Данное суждение о Толстом-публицисте не отрицает интуитивных “прозрений” писателя, в частности, понимание искусства именно как деятельности
и соотнесенности искусства с эмоциональной жизнью человека.И. А. Бунин роман “Жизнь Арсеньева. Юность” нюансирует индуистско-буддистскими идеями, пишет об Агни, об “Отце всякой жизни”, о чистоте крови; в книге “Освобождение Толстого” трактует уход Толстого из Ясной Поляны и его смерть как выход из Цепи земных существований, но – как обыденного субъекта – его вполне устраивает неопределенность этих религиозных “понятий”, устраивает то, что они берутся на веру как нечто интуитивно ясное.
§ 7. Автор как субъект словесной игровой деятельности
В пределах объективации эмоциональной сферы автор задает свои правила игры, свою парадигму художественного мышления, согласуемую со средством деятельности – поэтическим языком.

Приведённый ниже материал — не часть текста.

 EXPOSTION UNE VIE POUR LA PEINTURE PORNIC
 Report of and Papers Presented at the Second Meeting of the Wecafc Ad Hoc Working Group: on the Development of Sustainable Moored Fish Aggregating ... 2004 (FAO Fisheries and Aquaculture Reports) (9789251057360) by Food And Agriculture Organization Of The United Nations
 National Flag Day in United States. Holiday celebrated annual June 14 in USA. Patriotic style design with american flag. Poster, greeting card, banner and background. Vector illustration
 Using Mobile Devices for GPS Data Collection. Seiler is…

Игра обычно понимается как форма деятельности или свойство искусства и соотносится с проблемой “серьезное – несерьезное”, т. е. со сферой собственных эмоциональных оценок субъекта высказывания, однако последнее чаще всего не рефлектируется.

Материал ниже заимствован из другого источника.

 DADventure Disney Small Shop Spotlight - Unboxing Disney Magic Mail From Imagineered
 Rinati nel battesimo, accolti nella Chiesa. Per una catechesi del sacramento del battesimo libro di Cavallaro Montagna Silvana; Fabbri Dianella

“…Несмотря на то, что есть нечто общее между игрой и искусством, все же это разные виды человеческой активности, имеющие общую основу в труде”
В пределах аналитической философии и аналитической филологии игра рассматривается как свойство, приписываемое субъектом высказывания любому виду деятельности, таким образом устраняется натурфикация (опредмечивание) понятий “игра”, “деятельность”, “фамильное сходство” (ср.: Хейзинга 1992, Вежбицкая 1996).
Все может быть названо “серьезным” или “несерьезным” (игрой) – в зависимости от исходной точки зрения.
Больше всего из русских писателей XIX века “Лесков оставил следов стилистической игры со свойствами русского языка” (Орлов 1948: 153). Лесков создал свой “образ” языка, искусственную авторскую конструкцию, несопоставимую с каким-либо “народным языком”, по поводу чего Достоевский полемизировал с Лесковым, иронически восклицая: “Что ни слово, то типичность!” (Достоевский 1987: 192).
Авторская словесная конструкция в произведениях Н. С. Лескова может быть понята как таковая, именно как словесная игра, однако направленная на священный для автора предмет – русский язык, а также на утверждение положительных начал человеческой жизни (см.: Старыгина 1996: 94-101). Причем авторская языковая игра только условно доверяется рассказчику, например, в “Запечатленном ангеле”: за ней стоит не индивидуально-психологический, а социально-типологический “образ” языка.
Игровая сущность литературно-художественной деятельности может быть автором выявлена (“обнажена”), и тогда весь текст строится по металогическому, преобразующему действительность и слово принципу, как, например, у А. М. Ремизова – с его “снами”, “сказками”, “волшебным мышлением”, когда писатель провозглашает: “…без обмана я жить не могу” (Ремизов 1953: 145).
Игровая сущность может быть завуалирована установкой писателя на “правдивость” изображения “народного языка”, как, например, у М. М. Зощенко в “Голубой книге”, и тогда “народный язык” превращается в “гербарий” сниженной лексики: “не выпущай”, “обалдели”, “Не выпущайте его, суку”, “Пущай предъявит документы…” (Зощенко 1988: 366).